The Harp Bar owner  said: “None of us want to become a weekend only venue as if 50% of your income is generated in one day a week it is not easy.

“The city centre has to reimagine itself big time. The hotels are still quite full and there are people coming here at the weekend and flying in for breaks, but you only have to count the dozens of Amazon vans on the roads in the morning to realise the change when it comes to retail and those people are going to continue to shop from home

“I would implore the people in the city council whose job it is to reimagine the space to come and have a look at how quiet it is on Mondays and Fridays, with so many people choosing to work from home on those days.

“Every weekend becomes a bank holiday weekend and while there will be places like the north coast which may benefit from this Belfast does not and Mondays are particularly hard.

“The city centre is a ghost town from Monday to Wednesday and there is not a lot publicans on their own can do to attract people back.”

Willie told the Yearbook he fears that without help many independent businesses many disappear and the fabric of the city will change yet further.

“Where we are with the new university there are those who will survive, like Neighbourhood, who have the right offering for young people and will still pull in some of those working from home for the experience.

“Not everyone can put up coloured umbrellas or put on really good bands or paint murals but there are niches like comedy etc that can draw people in.

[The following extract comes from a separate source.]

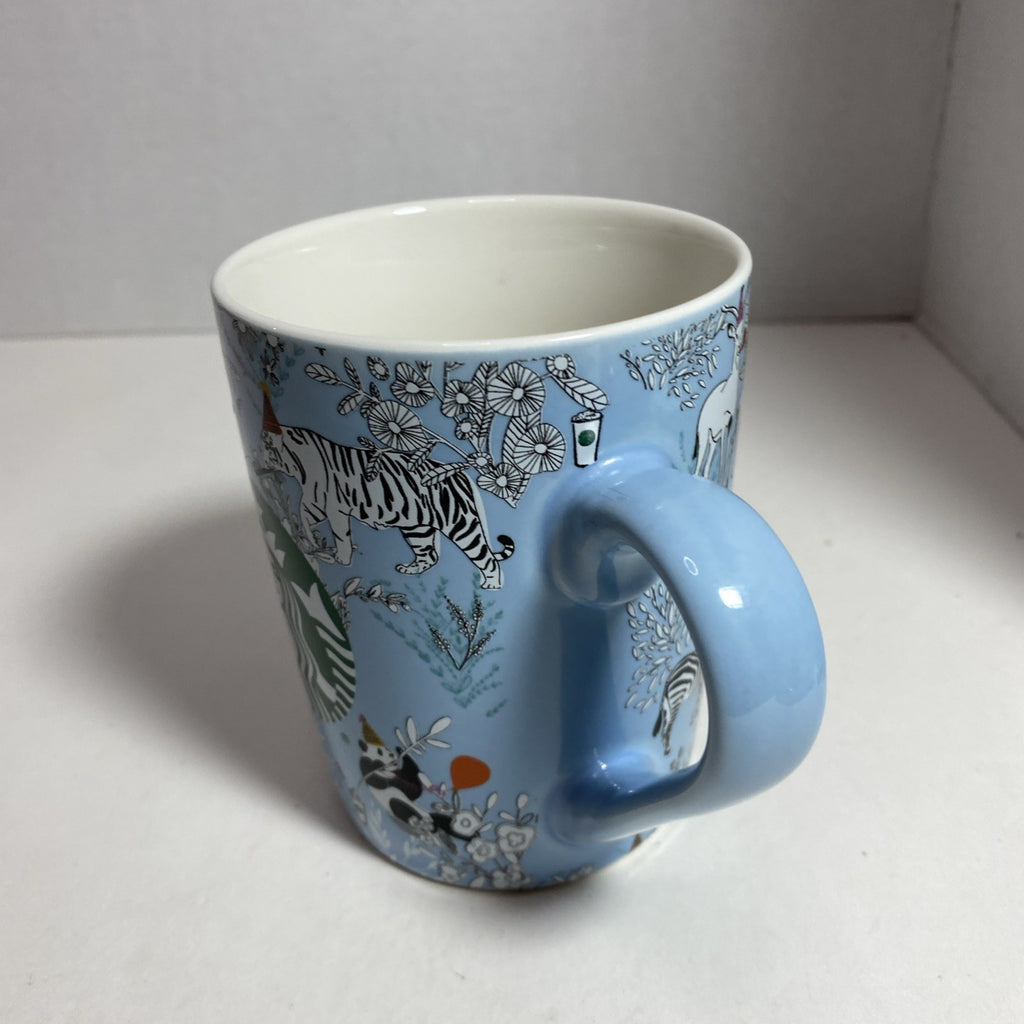 Starbucks 2020 Birthday Party Animals Ceramic Coffee Mug 10 oz Tiger Zebra Panda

It is the standard pub which relies on showing Sky Sports to draw a crowd that will struggle to pay their rates etc.

“I fear a lot more licensees will sell up their business while some that don’t own them will hand their keys back and the licences will be sold to supermarket groups for a petrol station and a one-stop shop.”

That something different would also be driven by more in the way of city centre living, a change Willie says needs to happen sooner rather than later.

“That won’t happen for at least four years and there needs to be investment in green space and primary schools. There is no such thing as fast-track planning here unfortunately.

“When they talk about doing things by 2028 or 2030 that is not fast-track. When you go down Royal Avenue with all the fine buildings and you look at the old Tele building, the Irish News etc, there is opportunity there on the doorstep of the university.

“The people in the council and the various government bodies don’t have the vision. We need young people in who realise how a city changes.”